Her experience at the retreat was amazing she said.
“I’m one of just a few people from Europe here, and I met two others who plan to be art therapists, too, which is really rare. I’ll look forward to see how they’re getting on with their studies, too,” she concluded.
“Falls Creek is a wonderful facility. This has just been so perfect; the kids have thoroughly enjoyed it,” Whitworth concluded. “The WMU and the churches, including Bethany, Council Road, Edmond, First and Sulphur, Calvary, which provided transportation, have been overwhelmingly gracious to them in providing a quality experience.
“This is one last touch, showing appreciation to the MKs and their families for their service by how they have loved on them and launched them into their college careers. This has been an awesome time.
“The kids come here nervous and timid, and then they’re able to make friends. I think it helps them as they head off to school because they think, ‘If I can do it here, I can do it at school, too.’”

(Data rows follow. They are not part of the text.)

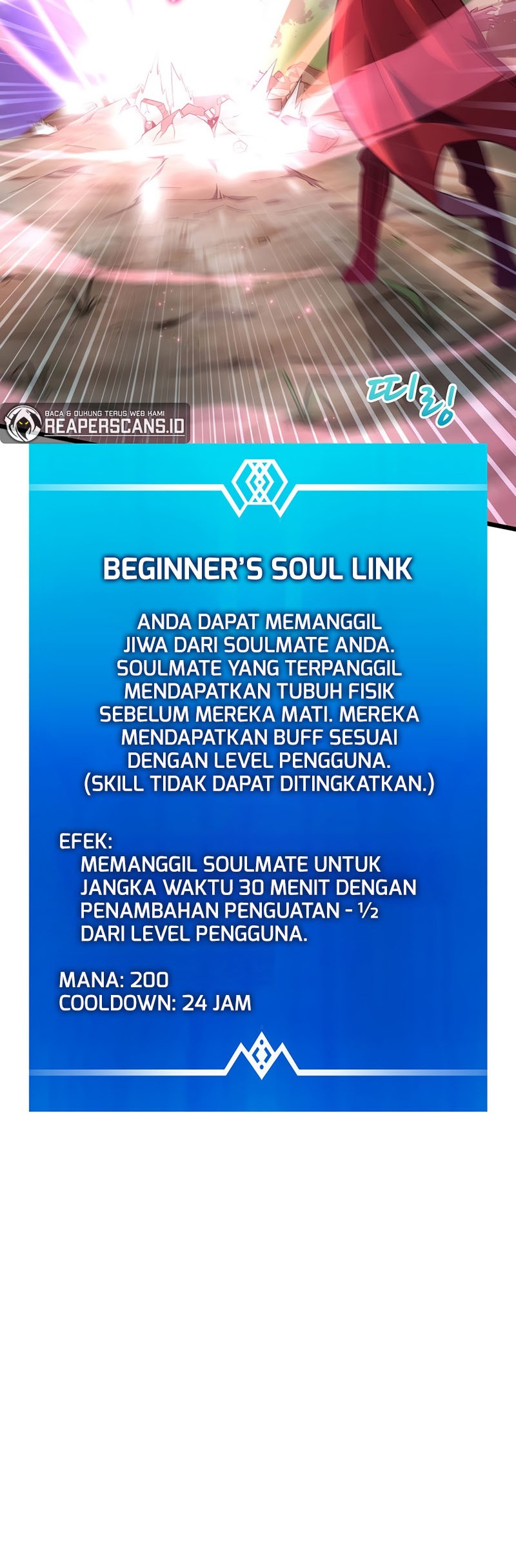 Arcane Sniper Chapter 69 Gambar 49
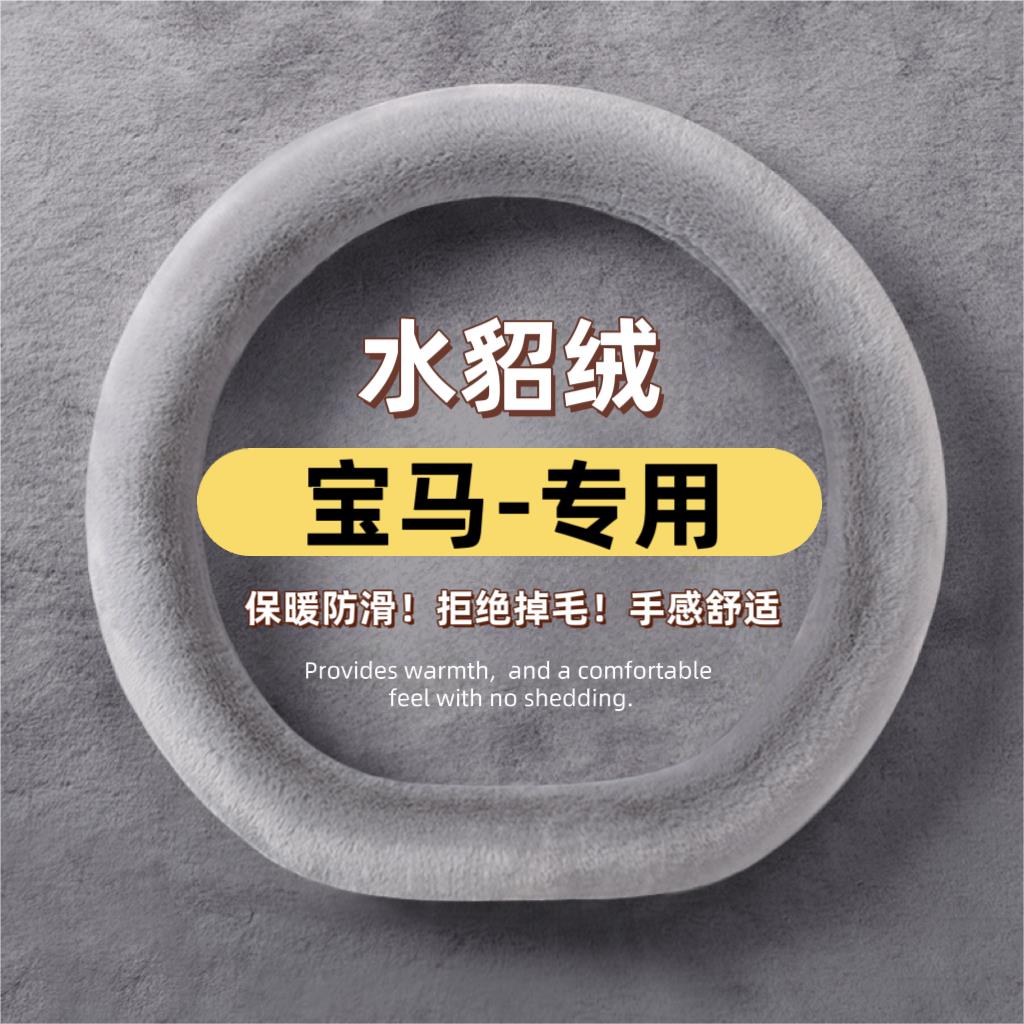 宝马方向盘套冬季毛绒X13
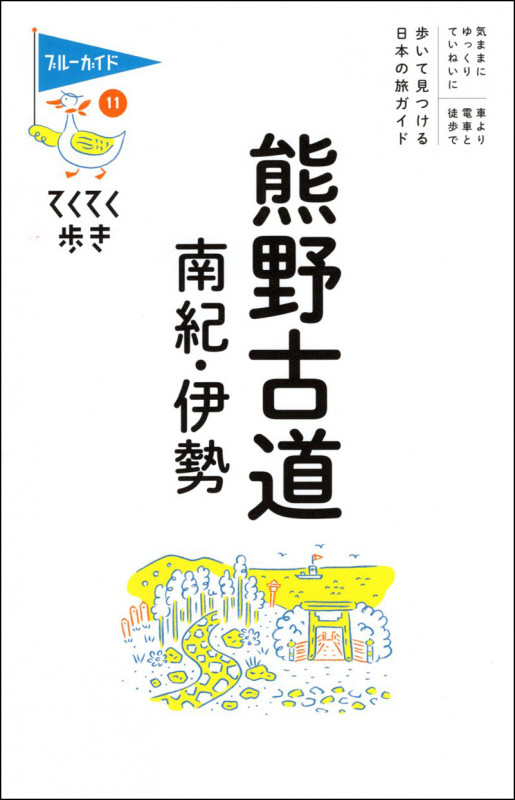 てくてく歩き11熊野古道・南紀・伊勢 (ブルーガイド・てくてく歩き)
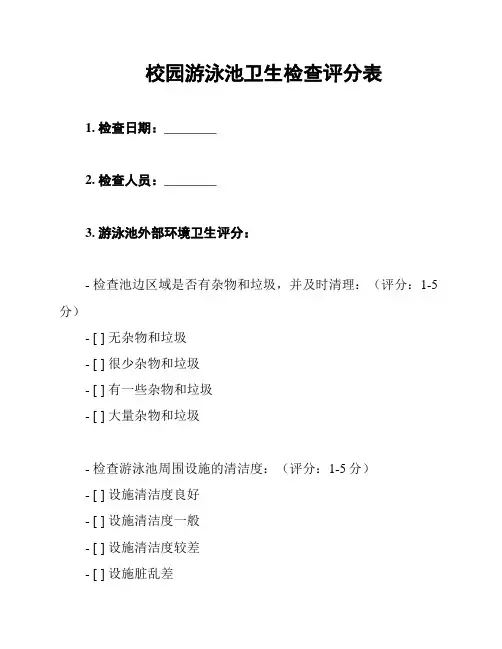 校园游泳池卫生检查评分表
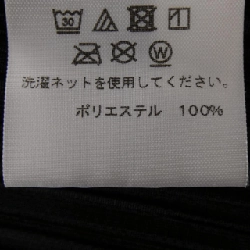 Pleats Please PLEATS PLEASE PP93-JH773 Đầm - Hàng hiệu Chính hãng 816442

Many Oklahoma churches and Sunday School classes “adopted” the MKs—providing $100, which went towards bedding, towels, gifts, etc.
“All of these items were given to the students as a way to start them off at college,” said Kelly King, BGCO women’s missions and ministries specialist, who helped coordinate the event. “Also, every MK received a $50 gift card to Wal-Mart to help purchase school supplies.”
Each MK was greeted with a stack of personalized gifts on their bed from their school when they arrived at the retreat. And, many groups wrote prayer cards that were given out to the MKs daily as an encouragement from Oklahoma Baptists.